Three police staff with extensive investigation or prevention and community policing expertise are recipients of Royal Honours in the New Year list.
Detective Inspector Tom Fitzgerald, Police Liaison Officer in Canberra, becomes an Officer of the New Zealand Order of Merit (ONZM) for services to New Zealand Police and the community.
Senior Constable Russ Smith, Prevention, Youth and Community officer in Blenheim, becomes a Member of the New Zealand Order of Merit (MNZM) for his services to Police and to youth.
Mike Keefe, retired Detective Sergeant, and now a non-sworn member of police, has also received a Queens Service Medal (QSM) for services to the community, after being nominated by a community member. Mr Keefe has spent the last 30 years volunteering around the Rotorua Community Youth Centre Trust. He has been a Justice of Peace since 2000 and served more than 40 years with New Zealand Police.
“This is fantastic news and reflects their dedicated work and the high regard in which they’re held,” Commissioner Mike Bush said.
“Tom is one of our most experienced and respected investigators, having led numerous serious crime and high-profile homicide teams in Canterbury and Southern Districts.
“He is renowned for his focused, high-performing approach, combined with a desire to do what is right for victims.
“Russ’s forte is prevention, seeking out opportunities to develop and implement initiatives and programmes that benefit young people and others in the Marlborough Area.
“It’s great to see two officers who really understand policing being recognised with these honours. We’re proud of them both.”
Tom joined police in 1991 and has been an investigator since 1994. His citation acknowledges his excellence in serious crime investigations and his work overseeing the Commission of Inquiry into the Pike River disaster.
He was also instrumental in developing and implementing the national Confidential Human Intelligence Sources (CHIS) management model.

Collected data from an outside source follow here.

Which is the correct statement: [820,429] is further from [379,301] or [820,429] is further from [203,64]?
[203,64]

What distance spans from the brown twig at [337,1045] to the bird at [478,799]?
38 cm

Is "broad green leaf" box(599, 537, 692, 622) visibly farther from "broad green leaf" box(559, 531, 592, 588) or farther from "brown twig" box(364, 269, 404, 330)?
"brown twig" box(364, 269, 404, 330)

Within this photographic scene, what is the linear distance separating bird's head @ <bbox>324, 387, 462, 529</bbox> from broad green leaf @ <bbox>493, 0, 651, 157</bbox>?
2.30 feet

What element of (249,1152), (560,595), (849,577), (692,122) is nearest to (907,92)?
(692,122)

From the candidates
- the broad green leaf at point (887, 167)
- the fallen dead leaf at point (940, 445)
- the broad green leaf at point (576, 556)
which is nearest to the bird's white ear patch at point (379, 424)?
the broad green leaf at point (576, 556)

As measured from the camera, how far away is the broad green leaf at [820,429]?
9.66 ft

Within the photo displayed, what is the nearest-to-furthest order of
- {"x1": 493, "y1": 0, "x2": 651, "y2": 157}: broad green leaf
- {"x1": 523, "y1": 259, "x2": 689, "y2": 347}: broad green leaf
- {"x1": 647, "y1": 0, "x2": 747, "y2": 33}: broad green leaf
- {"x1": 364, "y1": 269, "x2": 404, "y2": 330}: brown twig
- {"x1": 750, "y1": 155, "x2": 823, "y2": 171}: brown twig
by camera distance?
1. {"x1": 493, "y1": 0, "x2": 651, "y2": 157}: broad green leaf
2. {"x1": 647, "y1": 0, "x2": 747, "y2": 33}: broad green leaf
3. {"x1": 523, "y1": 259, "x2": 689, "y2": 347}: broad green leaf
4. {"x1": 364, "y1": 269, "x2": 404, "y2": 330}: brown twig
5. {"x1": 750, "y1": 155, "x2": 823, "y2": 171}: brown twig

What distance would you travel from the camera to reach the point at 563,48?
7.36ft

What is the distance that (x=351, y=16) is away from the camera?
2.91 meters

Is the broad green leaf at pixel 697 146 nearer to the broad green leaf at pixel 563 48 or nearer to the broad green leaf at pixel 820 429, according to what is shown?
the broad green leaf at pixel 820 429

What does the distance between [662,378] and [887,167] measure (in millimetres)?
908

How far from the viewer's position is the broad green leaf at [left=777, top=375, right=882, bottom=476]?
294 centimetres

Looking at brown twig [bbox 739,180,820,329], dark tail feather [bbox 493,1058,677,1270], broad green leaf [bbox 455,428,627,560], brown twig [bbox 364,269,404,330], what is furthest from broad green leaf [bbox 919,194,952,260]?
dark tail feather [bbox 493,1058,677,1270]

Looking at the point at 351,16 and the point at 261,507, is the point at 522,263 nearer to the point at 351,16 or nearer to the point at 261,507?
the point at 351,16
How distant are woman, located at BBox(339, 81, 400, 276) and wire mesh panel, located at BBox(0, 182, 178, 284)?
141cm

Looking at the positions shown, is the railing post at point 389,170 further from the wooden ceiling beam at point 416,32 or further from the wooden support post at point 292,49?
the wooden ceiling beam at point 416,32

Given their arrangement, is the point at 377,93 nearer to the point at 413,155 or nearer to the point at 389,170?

Under Tom’s leadership, a multi-level training programme was introduced including the first level four CHIS management course in New Zealand, the highest accreditation that can be attained internationally. Tom has also written and delivered CHIS management training courses internationally.
Russ has been working in community and prevention roles in Blenheim since 1996, apart from a six-month deployment to Timor Leste in 2010.
He is a champion for youth and community-based solutions. The citation makes special mention of his role in leading the Marlborough Youth Trust as chairman since 2007, his involvement with the Safe and Sound at the Top advisory group, his longstanding work with Marlborough Blue Light and the Combined Adolescent Challenge Training Unit and Support (CACTUS) programme in schools.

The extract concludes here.